Design for Trustworthy Software: Tools, Techniques, and Methodology of Developing Robust Software

Extreme Programming (XP) is a deliberate and disciplined approach to software development. Risky projects with volatile requirements are ideal for XP methodology. These projects experience greater success and developer productivity. XP works because it emphasizes customer involvement and promotes teamwork. One of the most surprising aspects of XP is its simple rules and practices. They may seem awkward and a bit naive at first, but they soon become a welcome change from more formal development models. Customers enjoy being partners in the software development process, and developers actively contribute, regardless of experience level. XP was developed eight years ago by Kent Beck and has been proven at a number of companies of different sizes and from varied industries worldwide. XP is successful primarily because it stresses customer satisfaction and early customer involvement far upstream in the design process. The methodology is designed to deliver the software the customer needs when it is needed. XP empowers developers to confidently respond to changing customer requirements, even late in the development cycle.

XP improves a software development project in four essential ways: communication, simplicity, feedback, and courage. XP programmers communicate with their customers and fellow programmers. They keep their design simple and clean. They get feedback by testing their software from day one. They deliver the system to the customers as early as possible and implement changes as suggested. With this foundation, XP programmers can courageously respond to changing requirements and technology. XP itself is also different.

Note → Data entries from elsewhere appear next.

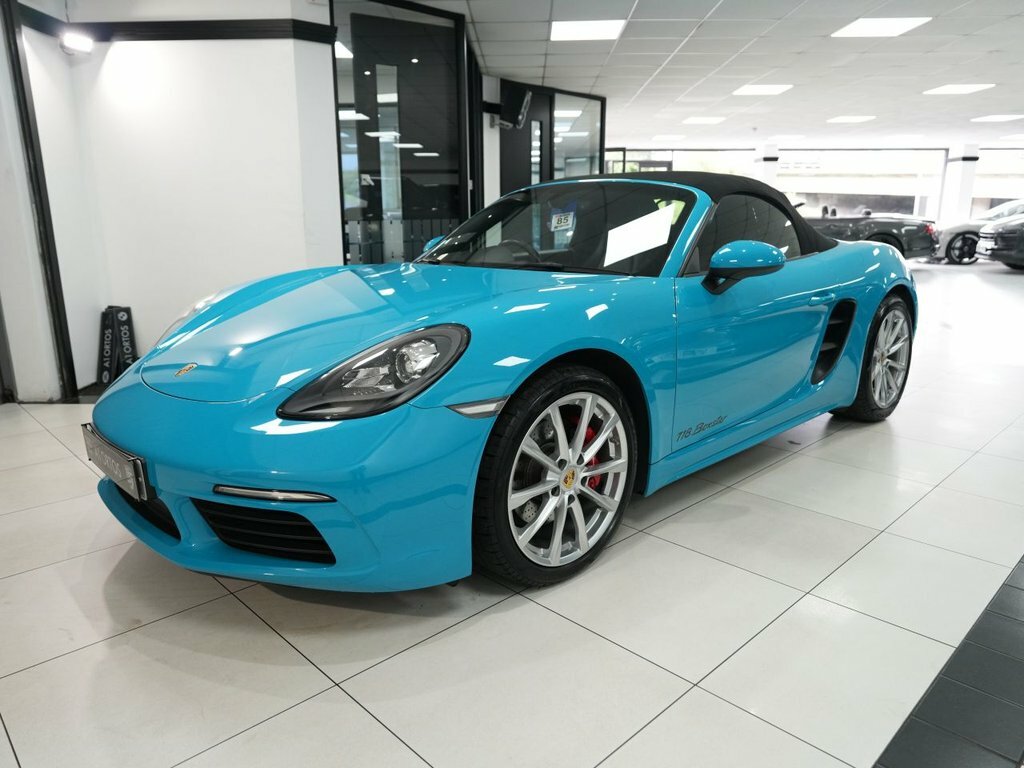 Porsche 718 Boxster Boxster S Pdk Silver #58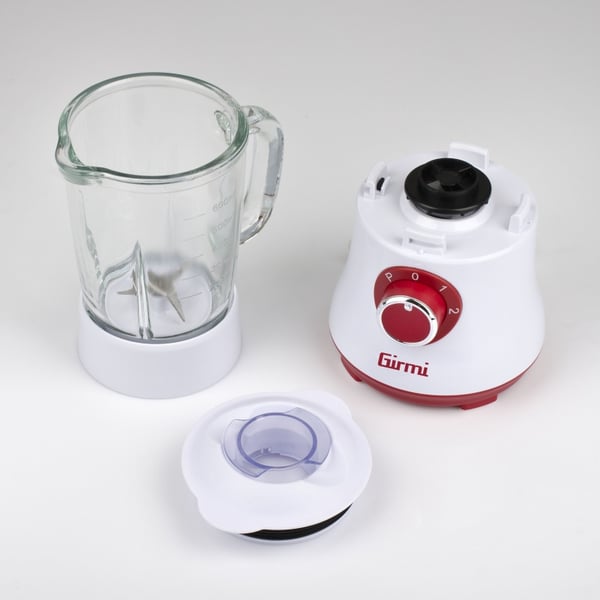 Girmi FR23 0,6 L Bordplade blender 300 W Rød, Transparent, Hvid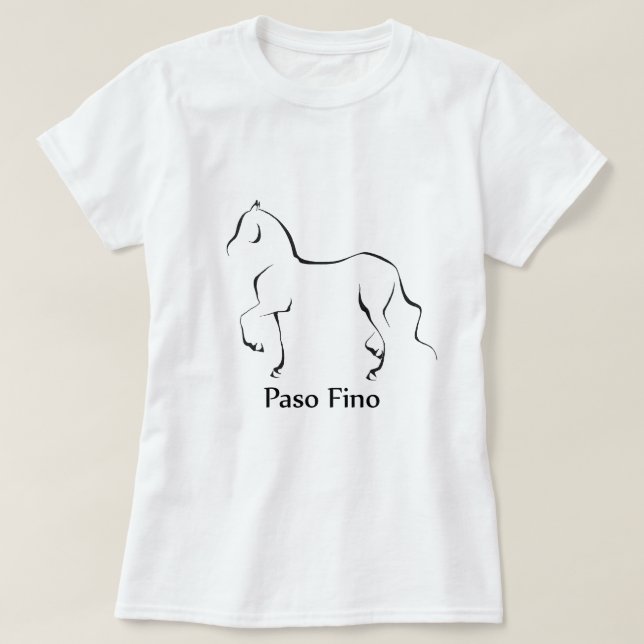T-shirts Roupa de Paso Fino (Frente do Design)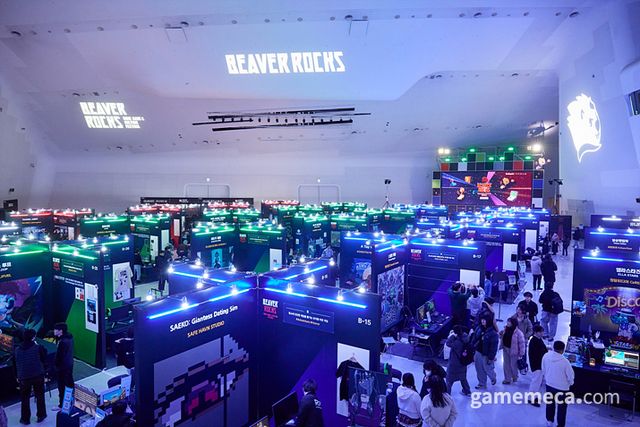 비버롹스 2025 현장 (사진: 스마일게이트)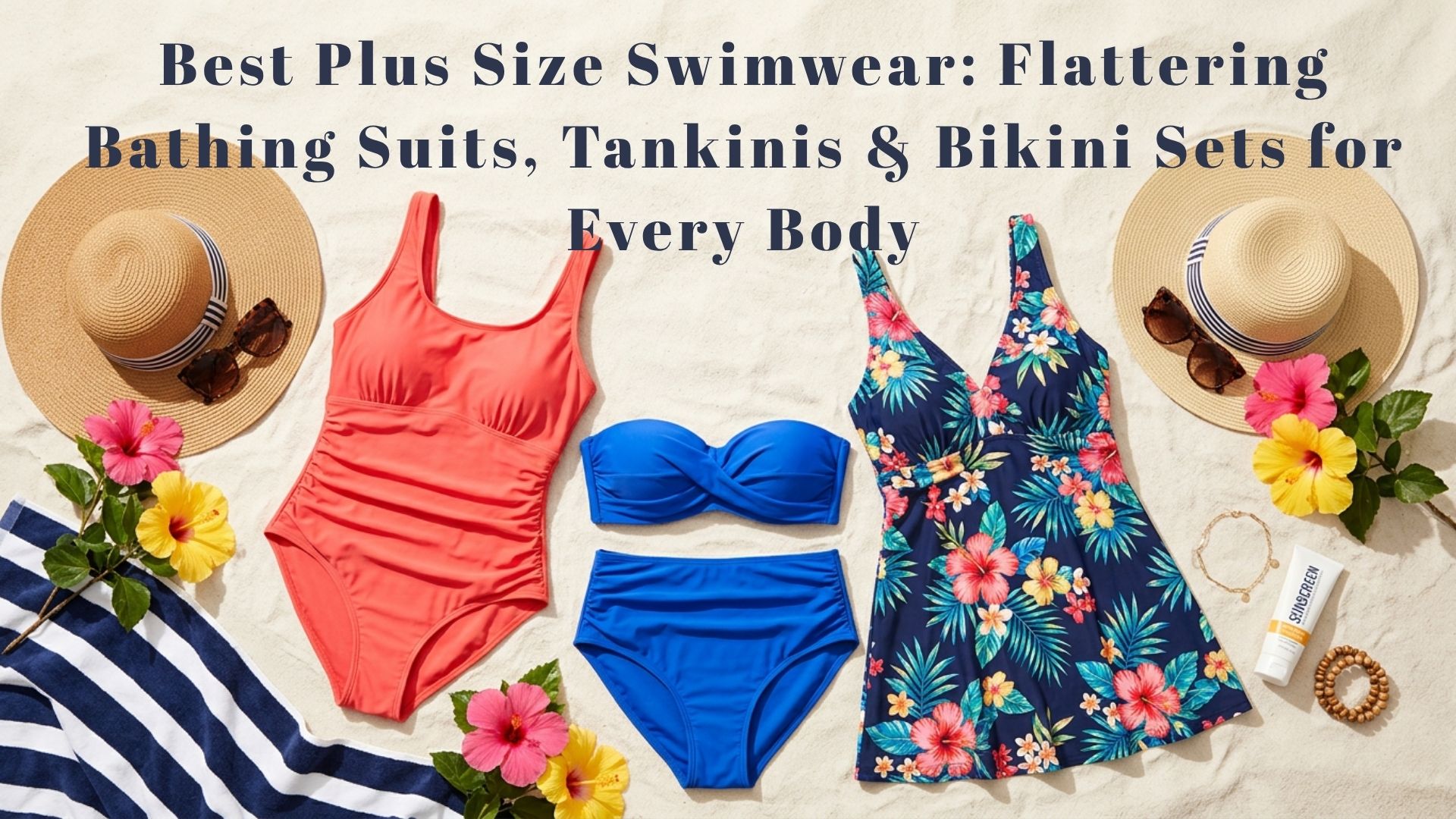 Read more about the article Best Plus Size Swimwear: Flattering Bathing Suits, Tankinis & Bikini Sets for Every Body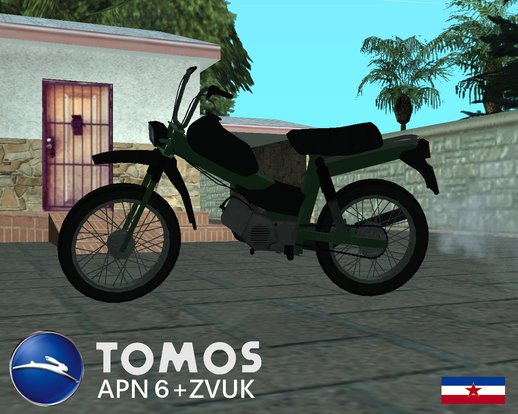 TOMOS APN 6 plus ZVUK 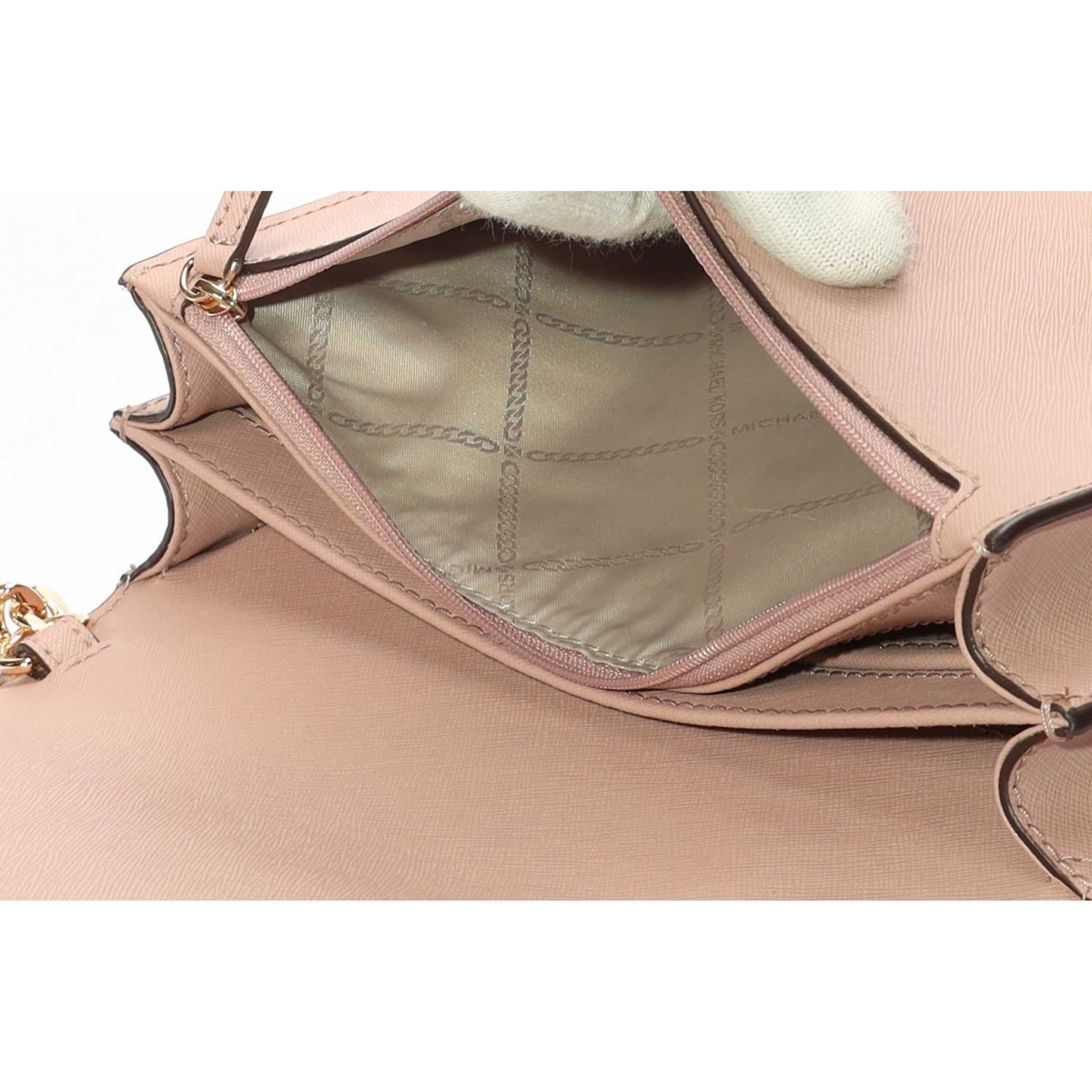 Michael Kors Daniela Pink Crossbody Bag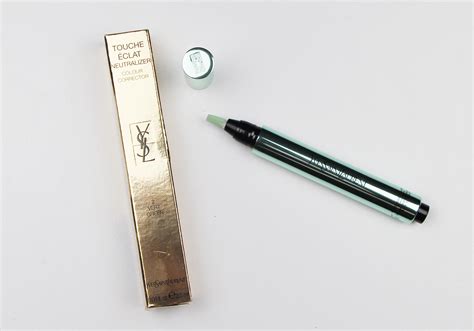 yves saint laurent touche eclat neutralizers green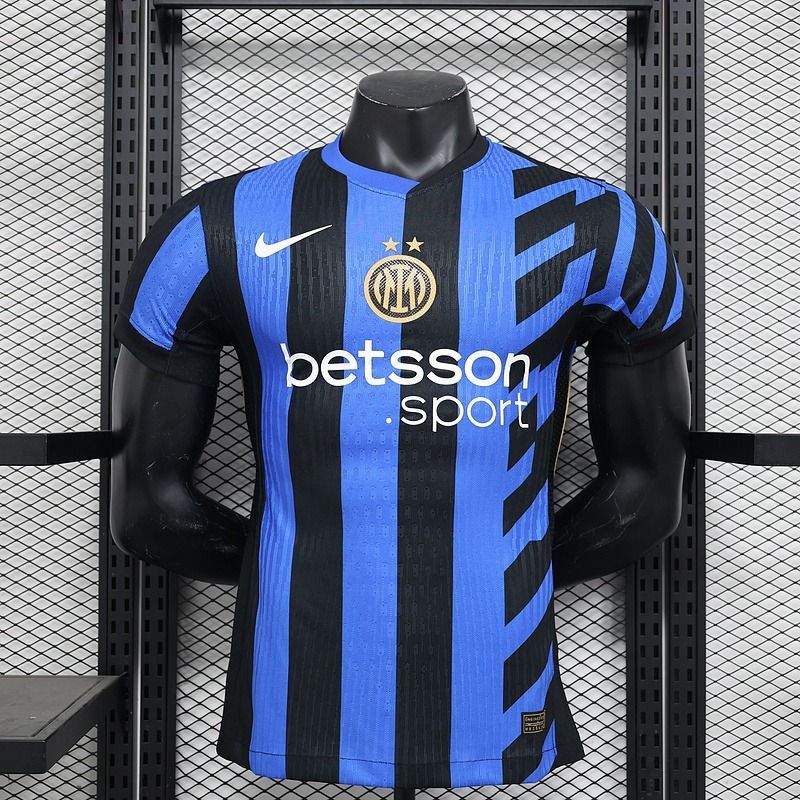 Inter de Milán 2024/2025 Local - Jugador [Adulto]
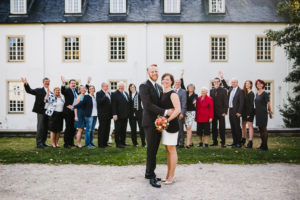 Hochzeit Gruppenfoto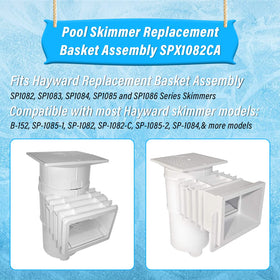 Close-up of chemical-resistant nylon mesh, ChangTa skimmer basket longevity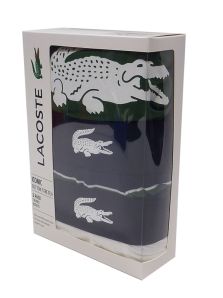 Calzoncillos Lacoste en pack de colores basicos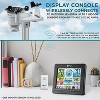 Logia 7-in-1 Wireless Weather Station with WiFi & Solar Panel - Light - 4 of 4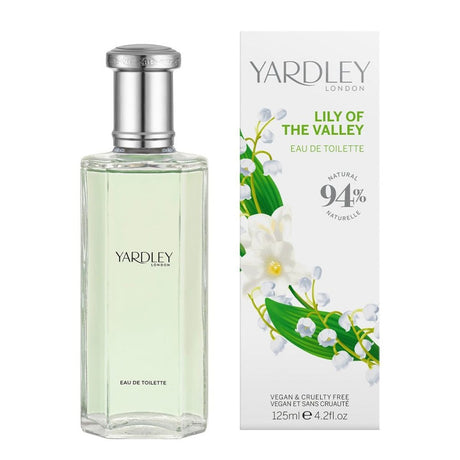 Yardley London Lily of the Valley Eau de Toilette 125ml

It has many small pieces. Individually the pieces make no sense, but when they're combined, you can see a complete picture, as with a jigsaw puzzle. This is a notable departure from traditional software development methods. Beck's thesis is that software that is engineered to be simple and elegant is much more valuable than software that is complex and hard to maintain. His example is hard to gainsay:

A typical software development project will spend about twenty times as much on people as on hardware. That means a project spending 2 million dollars on programmers per year will spend about 100 thousand dollars on computer equipment each year. Let's say that we are smart programmers and we find a way to save 20% of the hardware costs by some very clever programming tricks. It will make the source code harder to understand and maintain, but we are saving 20% or 20 thousand dollars per year, a big savings. Now what if instead we wrote our programs such that they were easy to understand and extend. We could expect to save no less than 10% of our people costs. That would come to 200 thousand dollars, a much bigger savings. This is certainly something customers will notice.[19]

Much of what went into XP was Beck's reevaluation of how software was created. The quality of the source code is much more important than you might realize. Just because our customers can't see our source code doesn't mean we shouldn't put effort into creating something we can be proud of. Thus, XP is not really the same as "quick and dirty." Instead, it is an attempt to develop programs "quick and clean." It is especially useful for programs that have relatively short lifetimes, or whenever requirements are volatile and rapidly changing.